Lines to return, exactly: from the line with "BMW X7 xDrive40i 2022" to the line with "Brisamar Apartment El Pris" in the entries below, both included.

__DATA EXTRACT__.
- - - - -

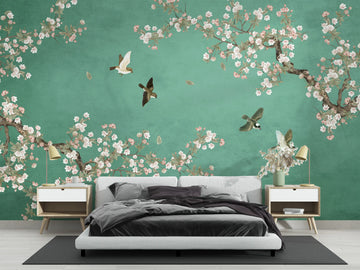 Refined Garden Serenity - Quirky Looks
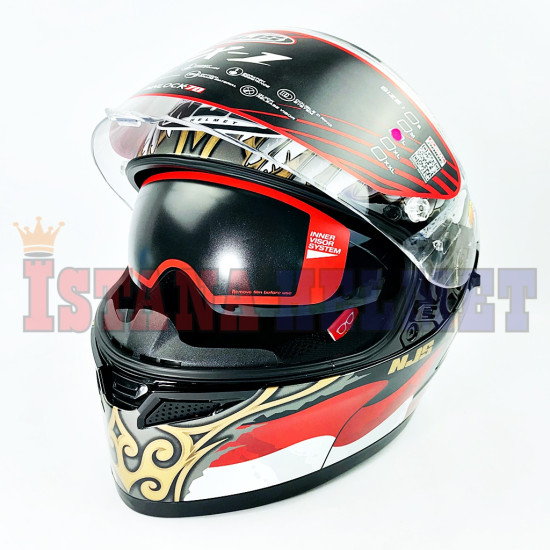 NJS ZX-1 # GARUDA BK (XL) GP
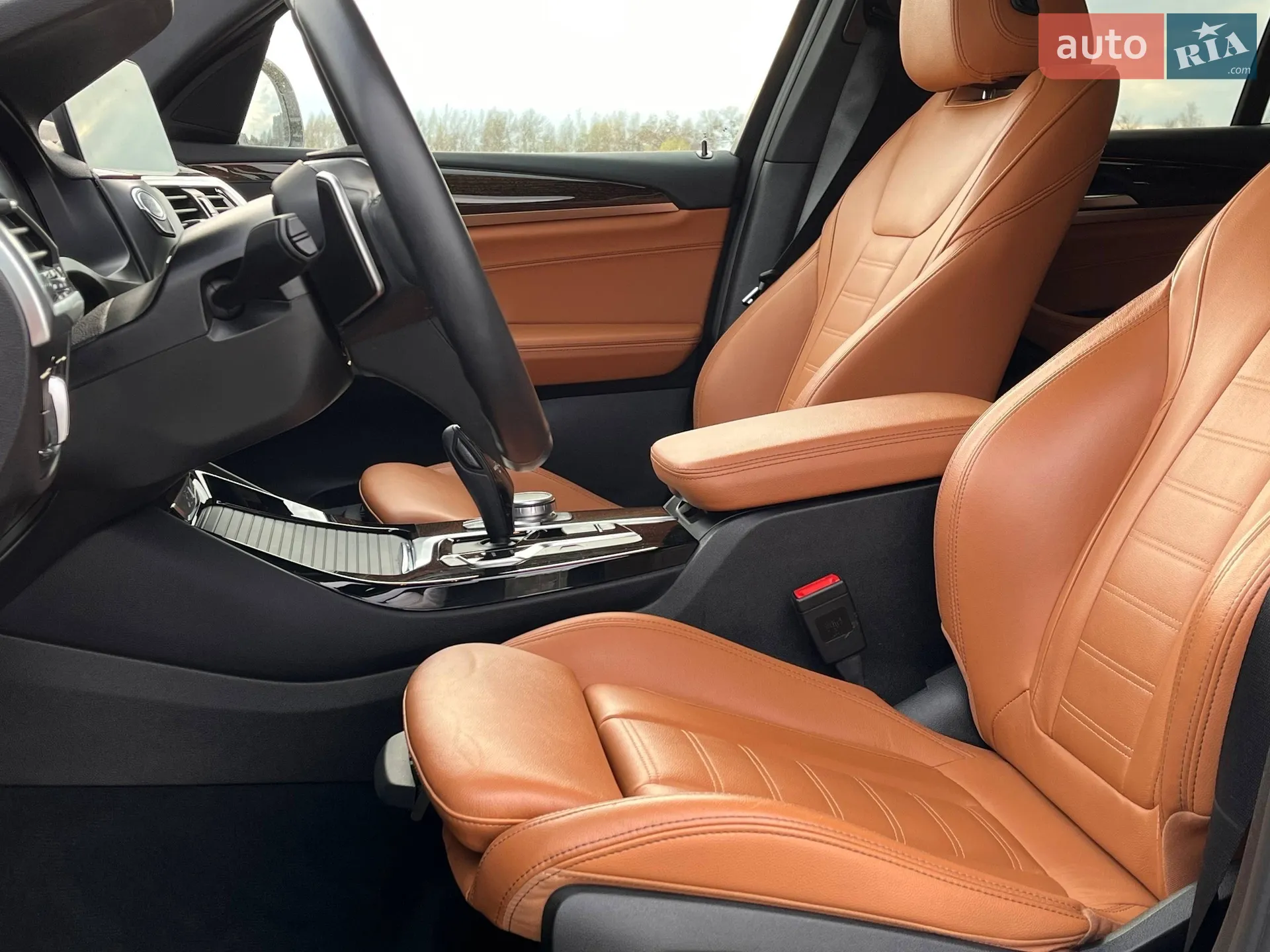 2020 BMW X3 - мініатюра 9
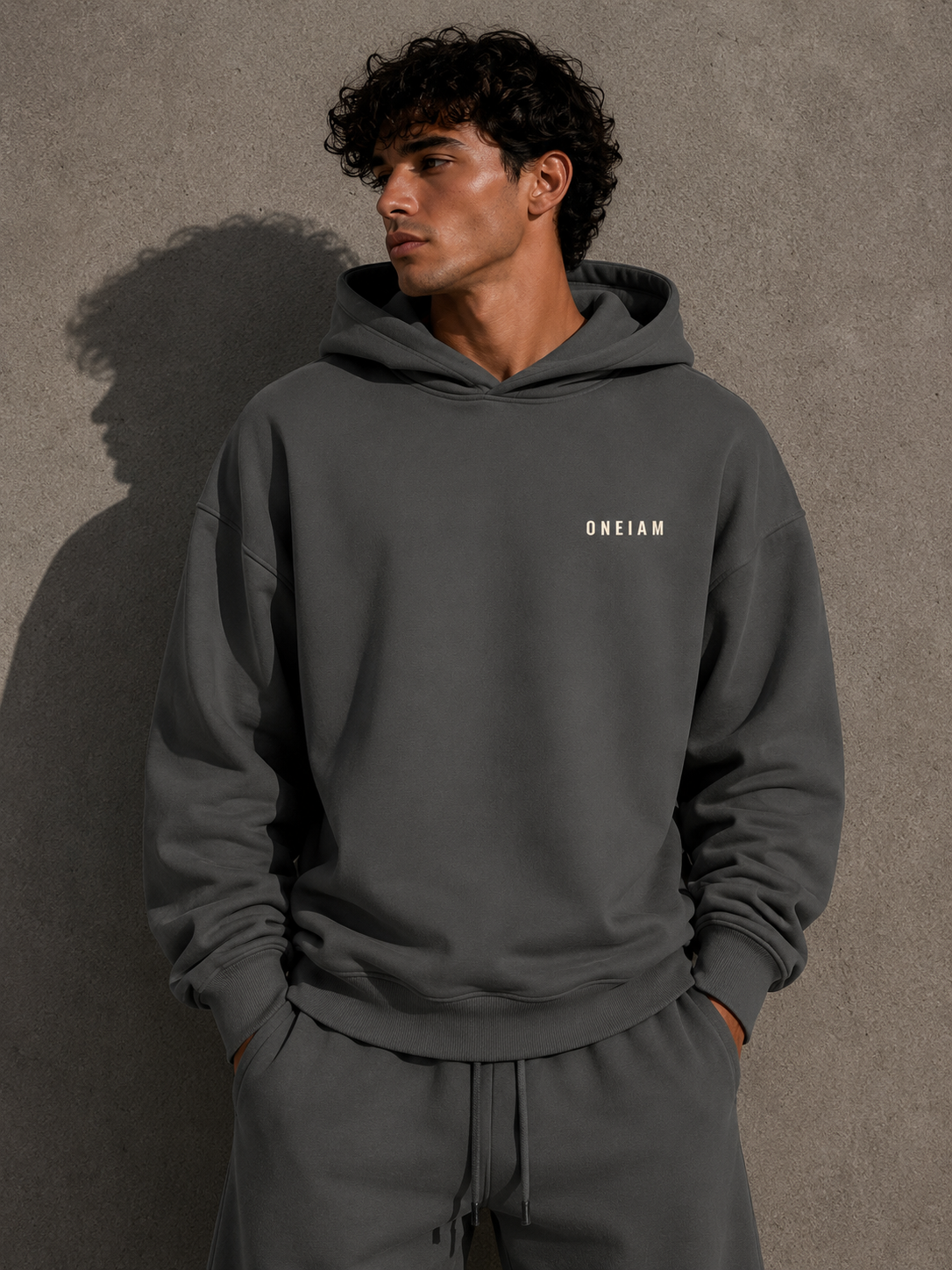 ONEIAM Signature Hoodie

- - - - -

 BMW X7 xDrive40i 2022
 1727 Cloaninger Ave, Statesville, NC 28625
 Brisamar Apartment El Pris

- - - - -

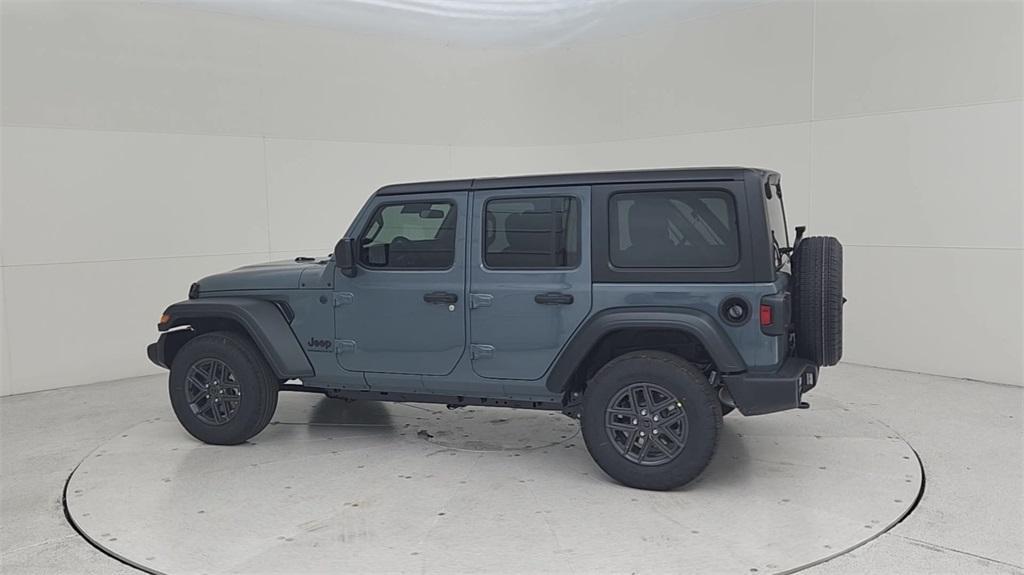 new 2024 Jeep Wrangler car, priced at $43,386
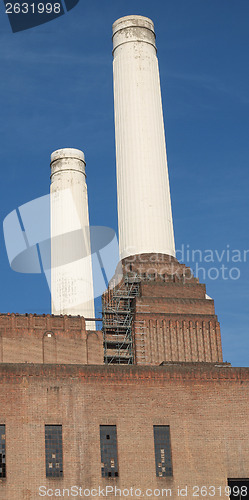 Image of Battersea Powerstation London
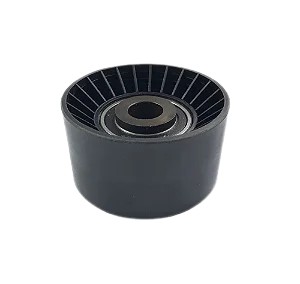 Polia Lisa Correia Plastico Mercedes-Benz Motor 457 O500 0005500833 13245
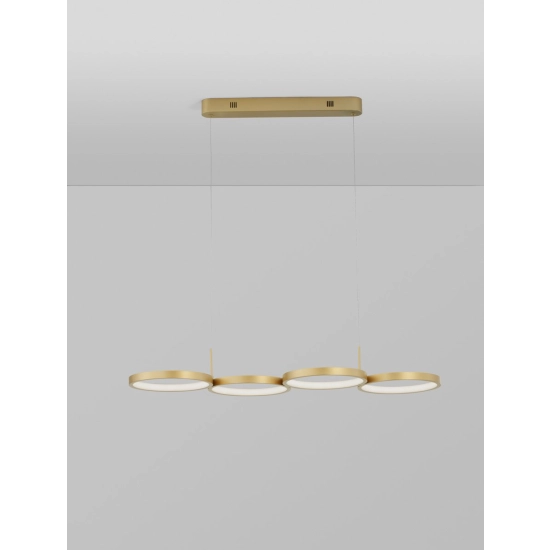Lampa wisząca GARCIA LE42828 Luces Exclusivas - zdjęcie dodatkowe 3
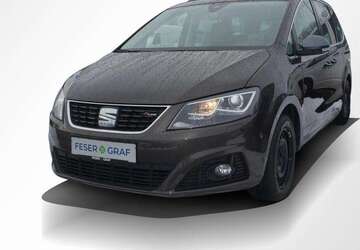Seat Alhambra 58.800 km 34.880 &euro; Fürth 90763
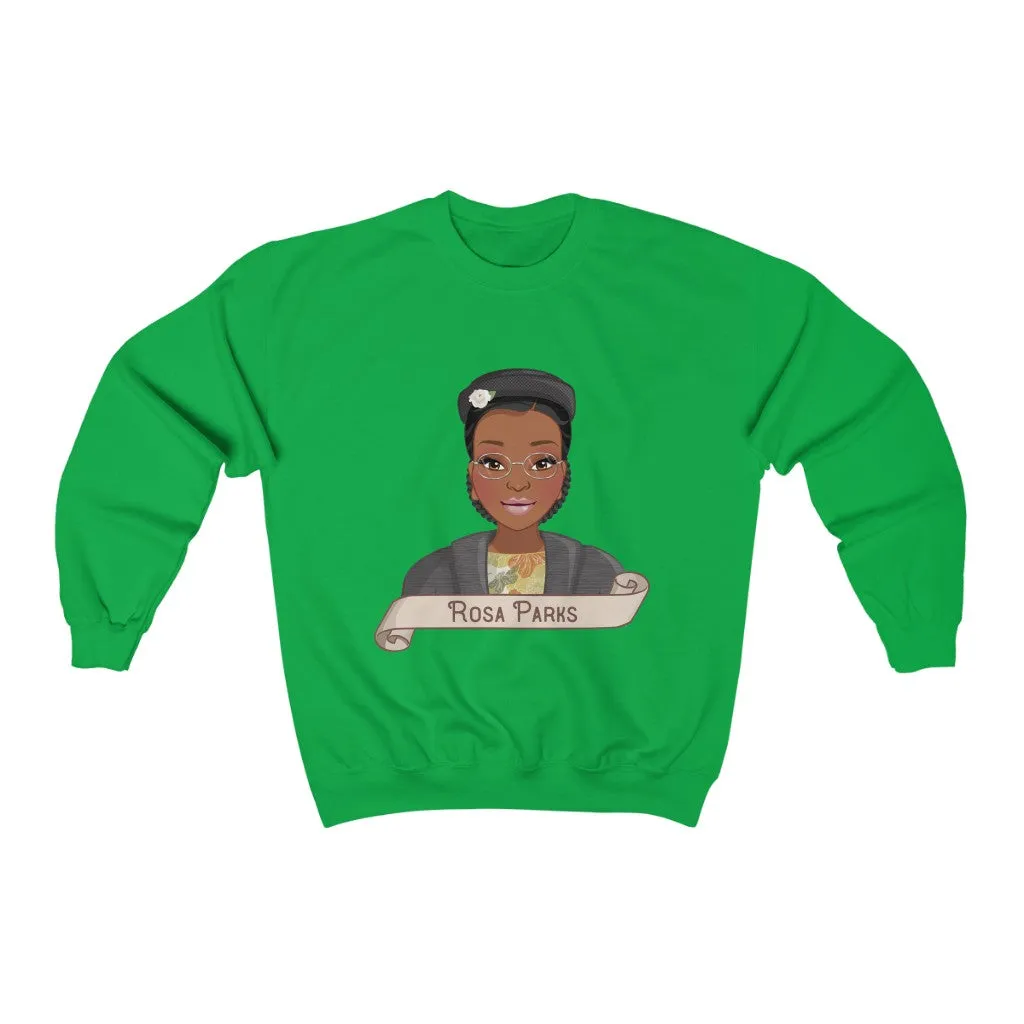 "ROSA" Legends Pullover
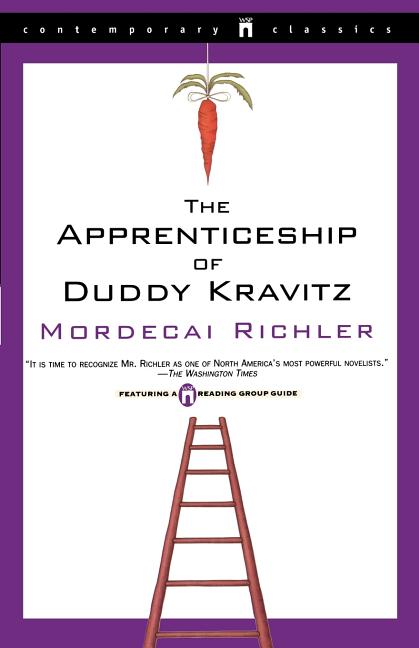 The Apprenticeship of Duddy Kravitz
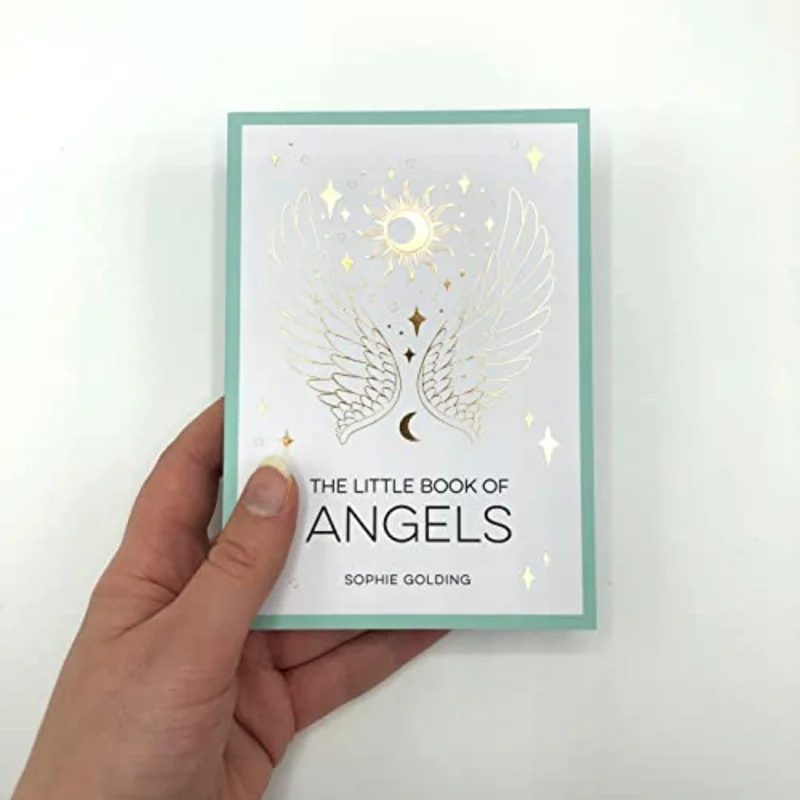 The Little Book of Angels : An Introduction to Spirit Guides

- - - - -

__ANSWER SECTION__.
 BMW X7 xDrive40i 2022
 1727 Cloaninger Ave, Statesville, NC 28625
 Brisamar Apartment El Pris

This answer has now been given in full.